Real Innovative Montessori Society

The RIMS school was established a year ago and has about 200 students from ages 2 1/2 to 13.  The teachers speak English (though it is difficult to understand some, and others' is very broken).  There are classes taught in English and Malayalam (local language that is known as one of the most difficult to learn in India) and the students also receive Hindi and Arabic classes.  Management is Muslim, and most of the students are Muslim; however, there are Hindu teachers and students as well.  I was told a couple students are Christian but I have not met them yet.  All around, it is a very welcoming and peaceful atmosphere.  The environment as a whole is very enriching, as Anis Sir expressed that they are trying to provide a space where not only IQ is important, but also EQ (emotional quotient), SQ (spiritual quotient), PQ (physical quotient), etc.  (They have yoga classes and will soon have horseback ridding!)  He has told me so many times that he is thrilled that Colleen and I are here to contribute our knowledge and culture, and hopes that we can all exchange different ideas, and learn from one another.  He is a genuine individual and a great fit as the school's principal as it is evident that he cares so much for the students and well-being of the school.  I must admit, that he is a bit intimidating as he is one of the larger (6'3 I'd say) Indian men I've met, and he dresses in the all white with a little cap Muslim get up (thanks American perception).  All I can say is that I have already had amazing conversations with some teachers, and I am looking forward to working in this peaceful environment, and learning as much as possible about the school, people, religions, and culture.
    On Thursday, school had to leave early because at 3:30 there was a huge court case that was going to decide whether a building was a Muslim Mosque or a Hindu Temple.  Apparently for years it had been a mosque, then it was used as a temple… and now there has been fighting between the two religions as to who the holy building belongs to.  At RIMS, teachers were bustling about and hurrying all the children home.  The only thing they cared about was making sure the children were safe, and didn't care less about the verdict of the case.  I asked several teachers (Hindu and Muslim) about the situation and they kept saying "who cares if its a mosque or a temple? we just want it to be peaceful here."  Depending on the decision of the court, one religious group could get feisty and the possibility of a strike was imminent, this is why the school was let out early.  It turns out, the court decided the holy place would officially serve as both a mosque and temple.  I guess the official decision is what mattered.
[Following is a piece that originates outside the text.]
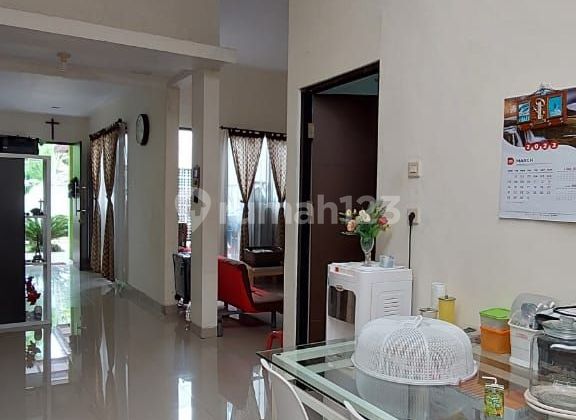 Rumah dijual di Cluster Cendana Greenara Harapan Indah Bekasi 2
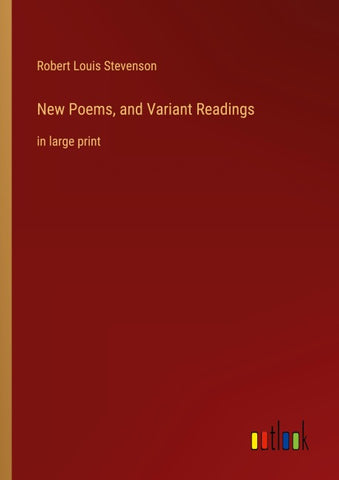 New Poems, and Variant Readings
Anyways, my point is that the management of the school didn't give a rats behind about the determination of religion within some building, but the safety and well being of the students and teachers.
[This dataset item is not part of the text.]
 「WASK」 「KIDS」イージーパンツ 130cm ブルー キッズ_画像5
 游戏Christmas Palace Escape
    Let me explain the layout of classes.  There are three montessori classes: M1= 2 1/2 - 3 1/2, M2= 3 1/2 - 4 1/2, M3= 4 1/2 - 5 1/2.  I was not incredibly familiar with this method of teaching before arriving here, I had just heard of it.  The smaller children arrive to their environments and begin work on their own.  Each child rolls out his own mat and retrieves an activity to complete.  For the younger kids the activities involve a lot of buttons, zippers, and tying strings.  There are other 'everyday life' activities--example: a child will get the tea set, fill the pitcher with water, and go to his/her station and use to pitcher to fill the small cups with water to the marked dotted line on the inside of the cup.   There are also a lot of puzzles to identify objects and animals, and lots of number forms to facilitate counting.  I was blown away in visiting each of these environments as these kids are taking out pictures of planes, brushes, ships, etc….and then using foam letters to spell out these things on their mats….and these kids are less than 5!!!! Before they enter into I standard (1st grade) they will already be able to read and write, count, add, subtract, and multiply.  This blows my mind as I remember learning multiplication in 3rd grade, and reading my first (longer than 3 pages book) (Go, Dog, Go) completely by myself in 1st grade.  This montessori stuff is legit and I'm excited to learn more about it.
    After montessori classes there is I standard to VI standard….. standard = grade…. I have been given I standard-B, II Standard, and V Standard classes to teach English.  I am expected to ensure that the students develop proper pronunciation and grammar, as well as communicate effectively with English speakers worldwide.  (right now I have my work cut out for me as pretty much everyone here has a difficult time understanding the American accent…the kids just kind of stare at me with a big '?' dangling over their heads).  I am also going to facilitate co-curricular activities--outdoor sports and crafts, etc.  The kids all keep asking when I get to teach their English class or when I will teach them volleyball :-) 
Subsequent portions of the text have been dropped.